◆ Work to be completed: Retype, with no pictures, each line from the one that holds "142 Ward St, Hingham, MA 02043 - Photo 26" through the last line of the entries below, both included.

::: Data provided

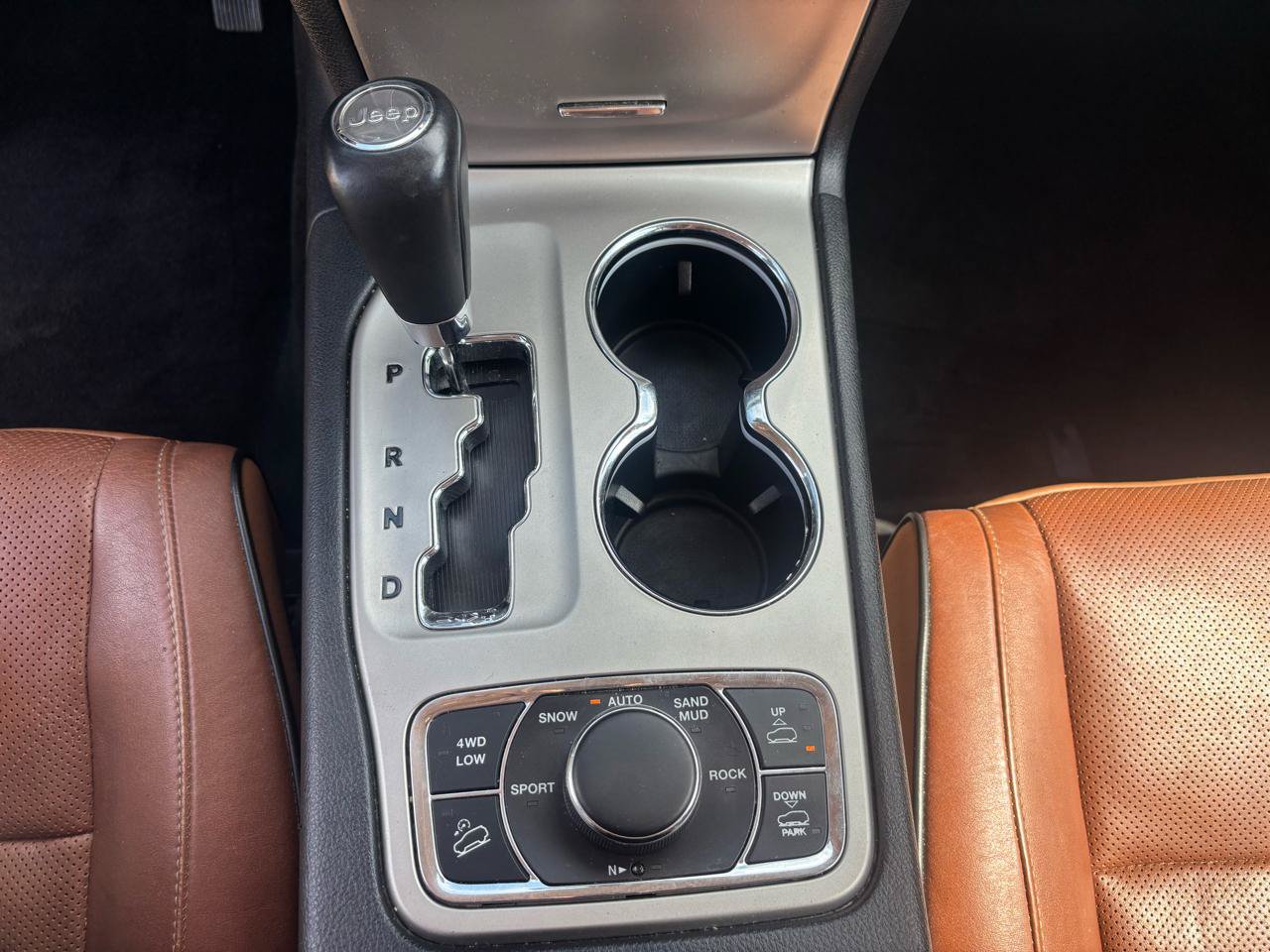 Used 2011 Jeep Grand Cherokee Overland Summit AWD/4WD image 19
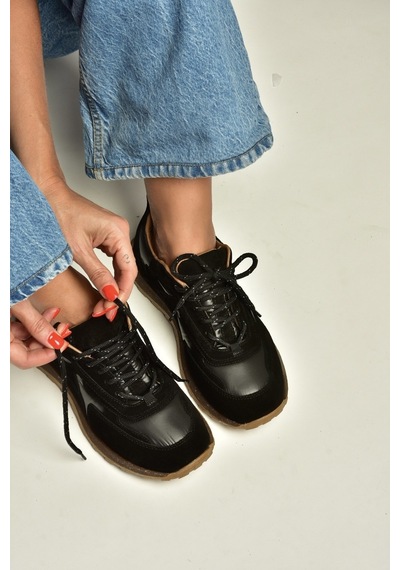 Fox Shoes Z312507561 Siyah Hakiki Deri Süet Kadın Spor Ayakkabı Sneakers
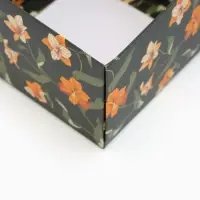 Коробка самосборная &laquo;Лилии&raquo;, размер 11&times;11&times;7 см, плотность 270 г/м&sup2;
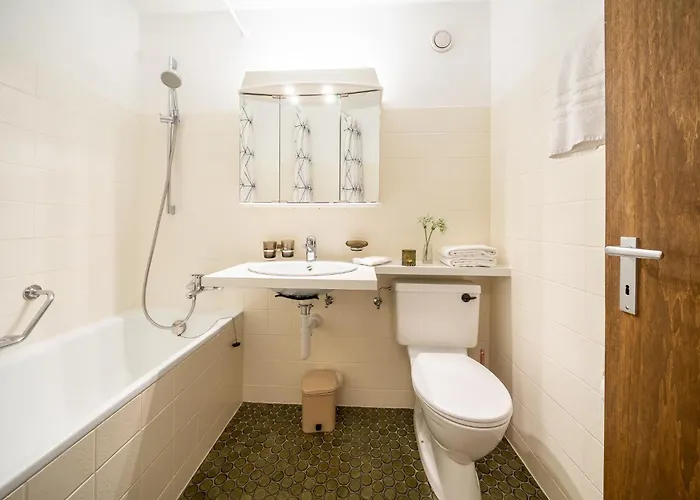 4306 Liebevolle 1,5-zimmer-wohnung Mit Balkon Und Traumhaftem Ausblick *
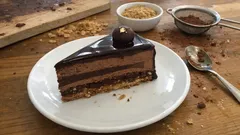 Versaillais au chocolat croustillant : l’entremets chic (et plus simple qu’il n’y paraît)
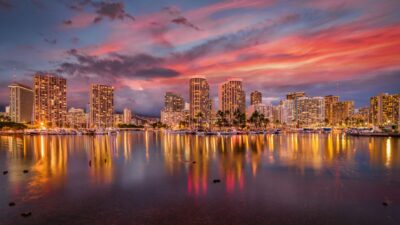Oahu: Waikiki Glass Bottom Boat Sunset Cruise - The Haleiwa Queen catamaran: comfort and small details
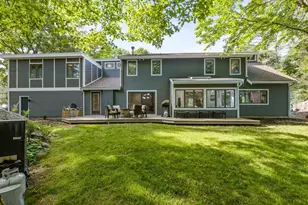 142 Ward St, Hingham, MA 02043 - Photo 26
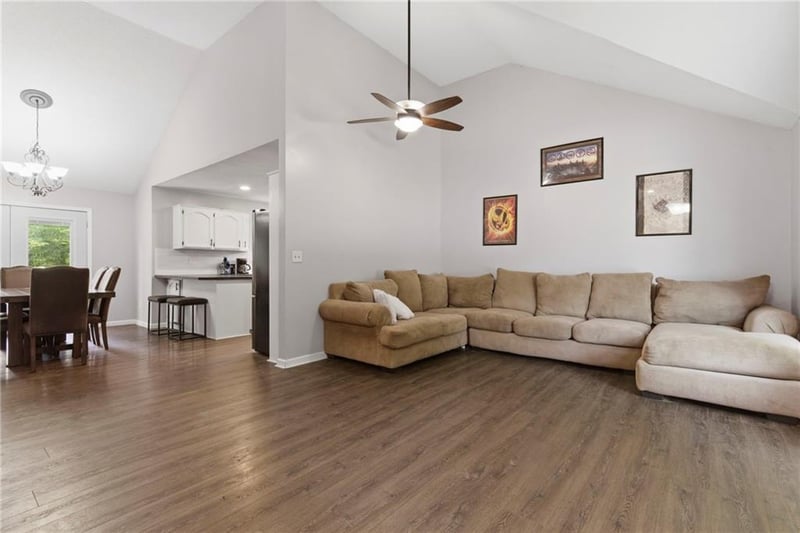 1012 Pennington Pl, Blue Springs, MO 64015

::::::

◆ Task result:
 142 Ward St, Hingham, MA 02043 - Photo 26
 1012 Pennington Pl, Blue Springs, MO 64015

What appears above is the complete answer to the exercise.